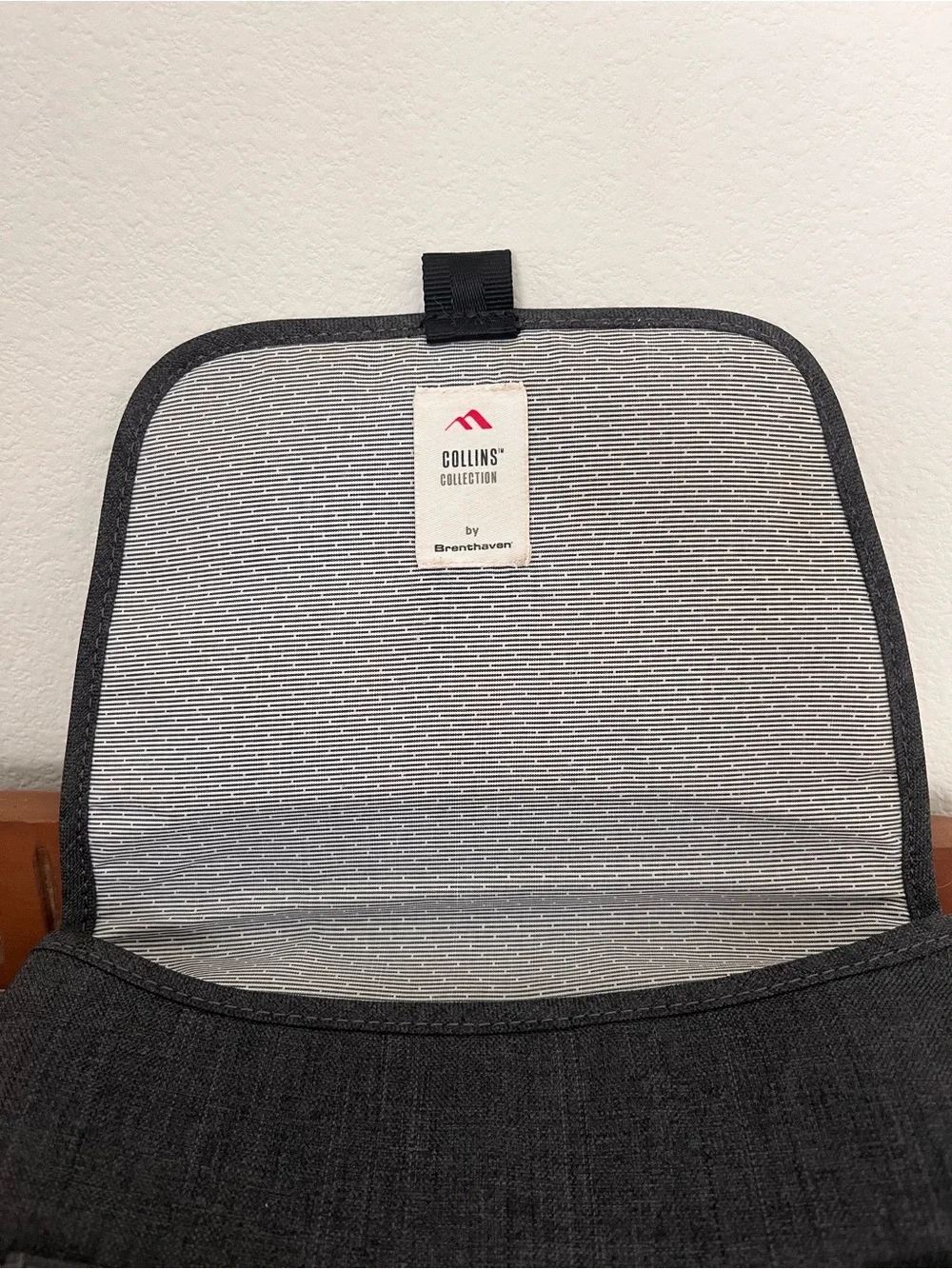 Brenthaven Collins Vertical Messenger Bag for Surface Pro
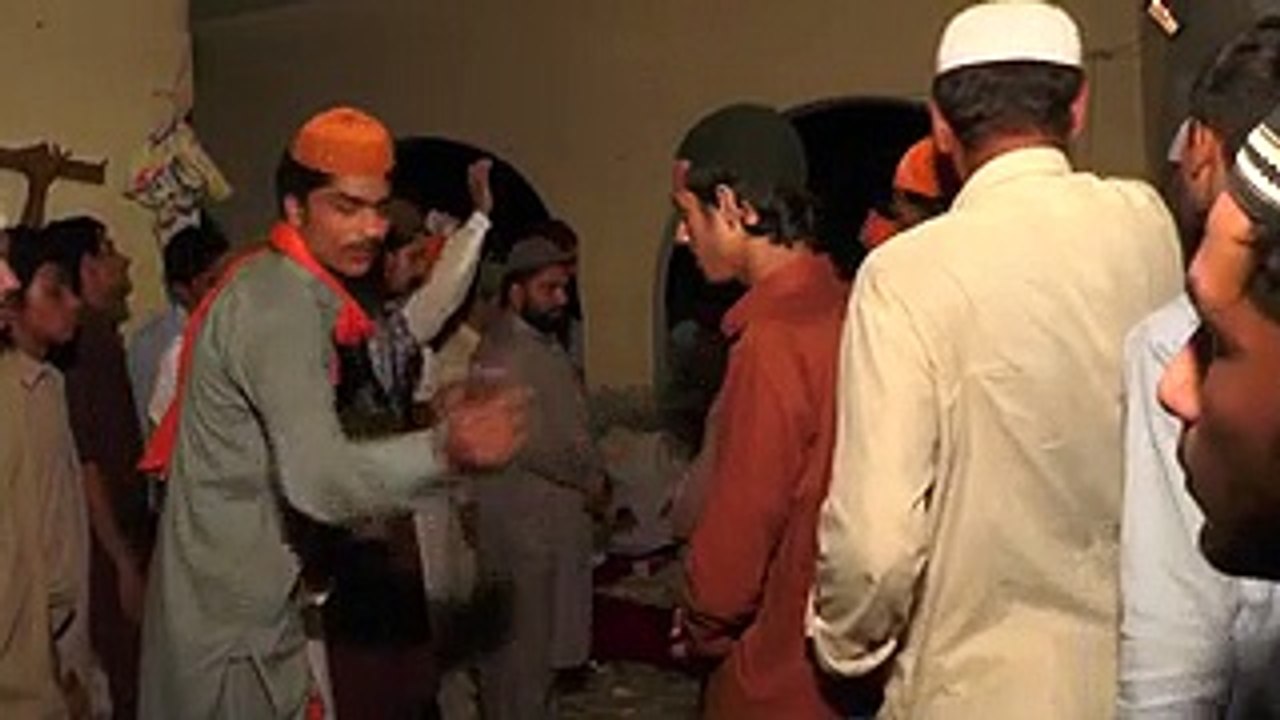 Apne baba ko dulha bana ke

---

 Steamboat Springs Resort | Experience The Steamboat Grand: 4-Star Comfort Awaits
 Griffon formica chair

--

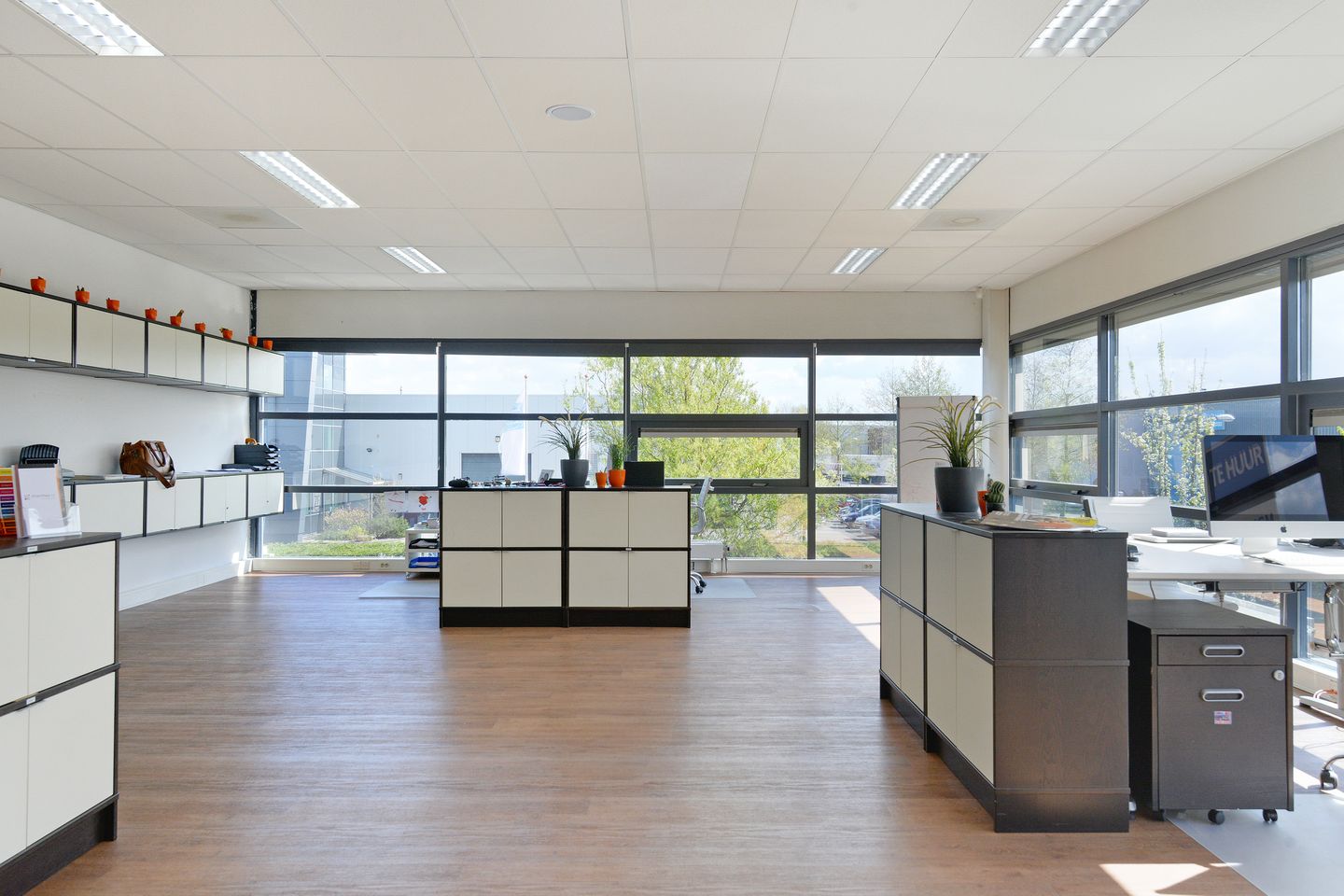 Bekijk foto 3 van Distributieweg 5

▶ [WORK REQUIRED]
With the pictures omitted, restate word for word the lines above from the line that has "Brenthaven Collins Vertical" up to and including the line that has "Apne baba ko dulha bana ke", and no other lines.

▶ [ANSWER TO THE PROBLEM]
 Brenthaven Collins Vertical Messenger Bag for Surface Pro
 Apne baba ko dulha bana ke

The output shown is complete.